Ken Hitchcock is as surprised as anybody that his St. Louis Blues have kept Patrick Kane, Jonathan Toews, Marian Hossa and Andrew Ladd off the scoresheet through the first three games of their first-round series with the Blackhawks.

Both sides seem to think it’s only a matter of time before they break through.

“Let me put it this way — since I’ve come into the league, I’ve been concerned that they’re going to break through,” Hitchcock joked. “So nothing’s changed. They’re good. They’re strong. They’ve got definition in those two lines; they’re completely different. One does it off the rush, and one does it off the cycle. … You’re never going to be able to eliminate [them].”

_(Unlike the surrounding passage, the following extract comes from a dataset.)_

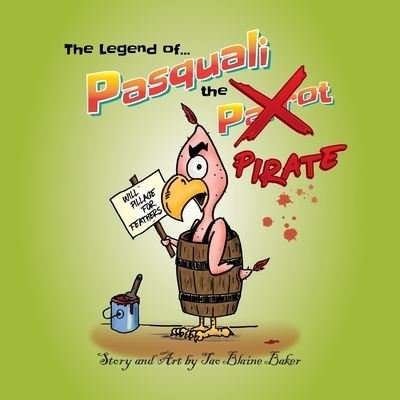 The Legend of Pasquali the Pirate - Tao Blaine Baker - Bøger - Createspace Independent Publishing Platf - 9781983522840 - 2. januar 2018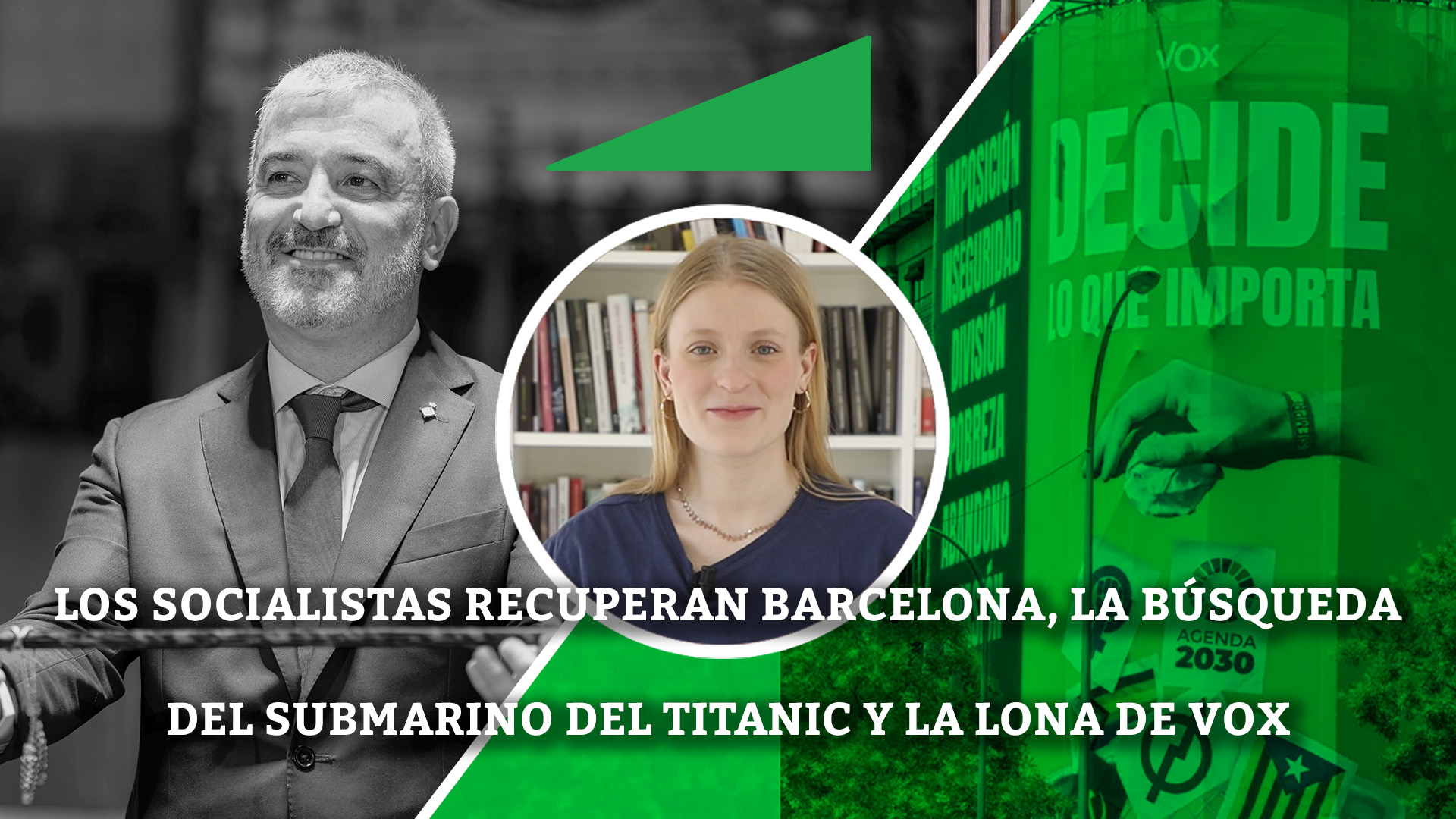 Los socialistas recuperan Barcelona, la búsqueda del submarino del Titanic y la lona de Vox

The Hawks’ top two lines have generated so many scoring chances in the last two games, particularly during the wide-open second period of Game 3, that Hitchcock said the Blues looked like the hapless Washington Generals chasing them around. Kane has 13 shots on goal through three games. Ladd and Toews have 12 each, and Hossa has 11 — and for that trio, many of them have come from close range, with goaltender Brian Elliott bailing out the Blues defense. The top line had nine scoring chances in Game 3 alone, and Kane had three more, according to war-on-ice.com.

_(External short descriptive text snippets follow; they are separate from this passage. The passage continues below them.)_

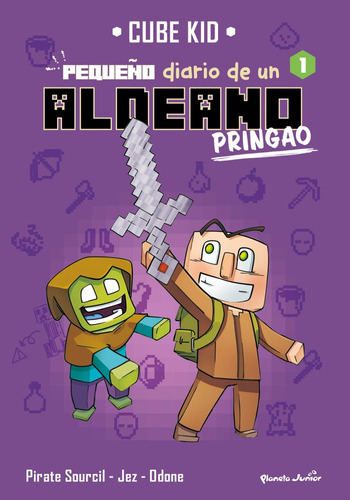 MINECRAFT. PEQUEÑO DIARIO DE UN ALDEANO PRINGAO 1, de Cube Kid. Editorial Planeta Junior, tapa blanda en español, 2023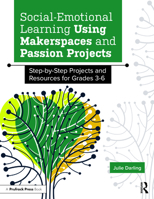 Social-Emotional Learning Using Makerspaces and Passion Projects 1646322193 Book Cover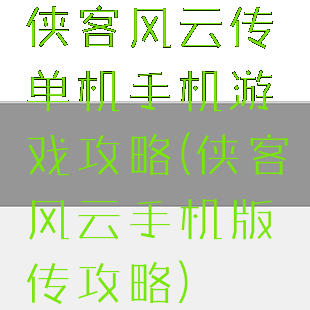 侠客风云传单机手机游戏攻略(侠客风云手机版传攻略)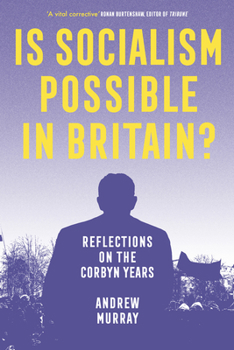 Paperback Is Socialism Possible in Britain?: Reflections on the Corbyn Years Book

The Hawks are confident that if they keep doing what they’re doing, the pucks will start going in. The Blues, according to Hitchcock, are confident that they figured out what’s been going wrong in their Monday team meeting. And it does seem like its only a matter of time before the Hawks’ big guns start scoring.

Thing is, there’s not a lot of time left. The Hawks need to win three of the next four games in order to get out of the first round.

“I don’t think frustration’s the word,” Kane said. “[But] obviously, when it’s not going in, you’re not doing your job. That’s something we’ll have to step up here the rest of the series.”

Said Ladd: “[We] understand that we need to put some of those pucks in the net. But at the same time, I think we’re comfortable with the opportunities that we’re creating, just the presence that we’ve had in their end. So we’ll keep doing the same things, and I think we’ll start to get huge bounces, as well.” 

As is always the case in the postseason, the focus is on so-called greasy goals. As pretty as Artemi Panarin’s setup to Artem Anisimov in Game 3 was, that play is the exception, not the rule. Particularly with the net-crashing line of Ladd, Toews and Hossa, the goals — if they come at all — are going to come from within a few feet of Elliott, off rebounds or during free-for-all battles for loose pucks in the crease.

It doesn’t matter how they go in, just that they go in. And given the offensive struggles of the bottom-six forwards, they’d better come from the top guys.

“It just comes down to finding a way,” said Duncan Keith, whose goal in Game 2 is the only 5-on-5 goal the Hawks have scored all series. “We can always draw up Xs and Os, draw different plays up. But sometimes it just comes down to how bad you want it, and what you’re willing to do to get there.”